On January 11, 1765, Francis Salvador of South Carolina became the first Jewish elected official in America when he took a seat in the South Carolina Provincial Congress. Salvador’s grandfather was one of 42 Jews who emigrated to Georgia in 1733. Salvador later became the first Jewish soldier to die in the American Revolution.
On January 11, 1908, President Theodore Roosevelt declared the Grand Canyon a national monument.
“Let this great wonder of nature remain as it now is,” he declared. “You cannot improve on it. But what you can do is keep it for your children, your children’s children, and all who come after you, as the one great sight which every American should see.”
Marvin Griffin of Bainbridge was inaugurated as Governor of Georgia on January 11, 1955.
Georgia Politics, Campaigns, and Elections
Georgia passed the dubious milestone of 10,000 new COVID-19 cases in a day, according to the Statesboro Herald.
Georgia shattered its single-day record with 10,393 new COVID-19 cases reported Friday, 1,600 more than the previous worst day. Meanwhile, Bulloch County topped 50 new cases in one day for the first time since early September.

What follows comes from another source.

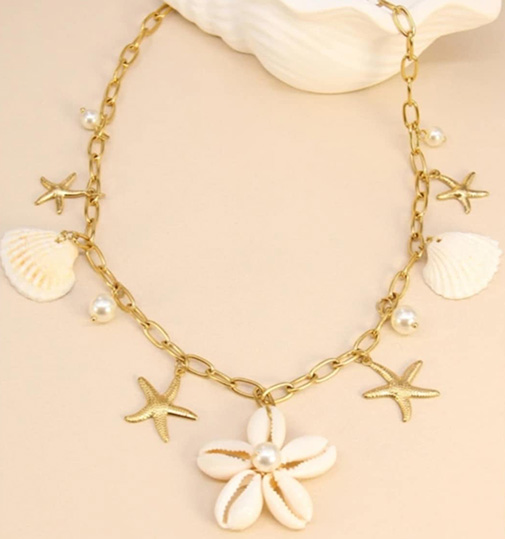 Pendentif en coquillage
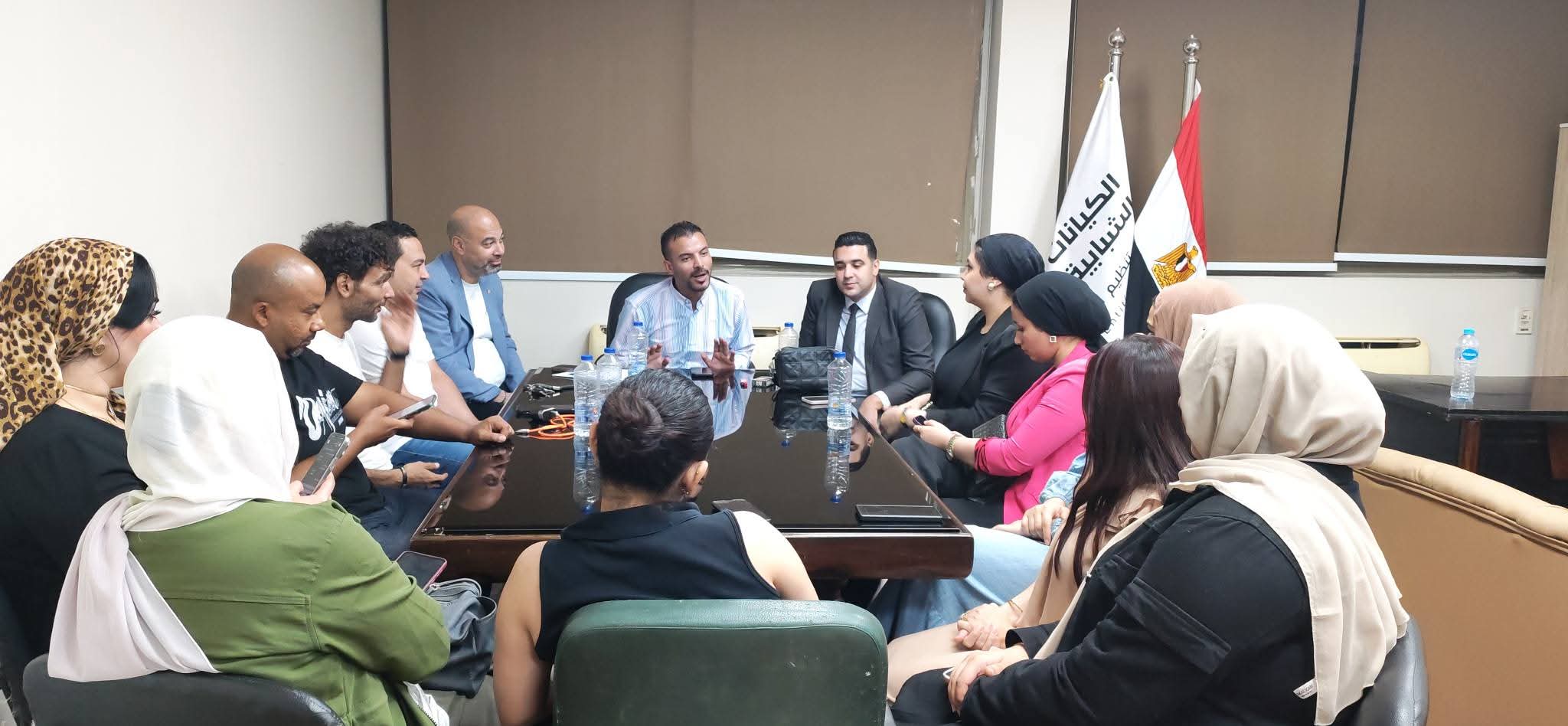 رئيس الاتحاد الوطني للقيادات الشبابية يبحث آليات تنفيذ مبادرة "وطن بلا سموم" لمكافحة المخدرات(صور)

Georgia recorded 10,393 new cases Friday, and the state’s total number of confirmed cases is now up to 620,247. Prior to Friday, the state’s previous high for new cases in a single day was 8,764 recorded on Jan. 1.
According to the Associated Press, Thursday ranked as one of the deadliest days in U.S. history, with the COVID-19 toll far outstripping the nearly 3,000 killed on 9/11 and exceeding the combined total of nearly 3,900 U.S. lives lost on D-Day and at Pearl Harbor.
COVID cases that require hospitalization continue to increase in Georgia, setting another single-day high on Thursday with 5,782 state residents hospitalized with coronavirus, but it did drop slightly to 5,751 on Friday. Georgia has seen hospitalizations increase almost every day since Nov. 15. In fact, since that day, daily hospitalizations have risen from 1,978 to 5,782 — a 192-percent increase in eight weeks.
The AJC looks at the coming legislative session, which gavels in a 10 AM today.
Senate Republican Leader Mike Dugan of Carrollton said lawmakers, who are being tested twice a week for COVID-19, are expected to meet through Thursday before going home for the Martin Luther King Jr. holiday weekend.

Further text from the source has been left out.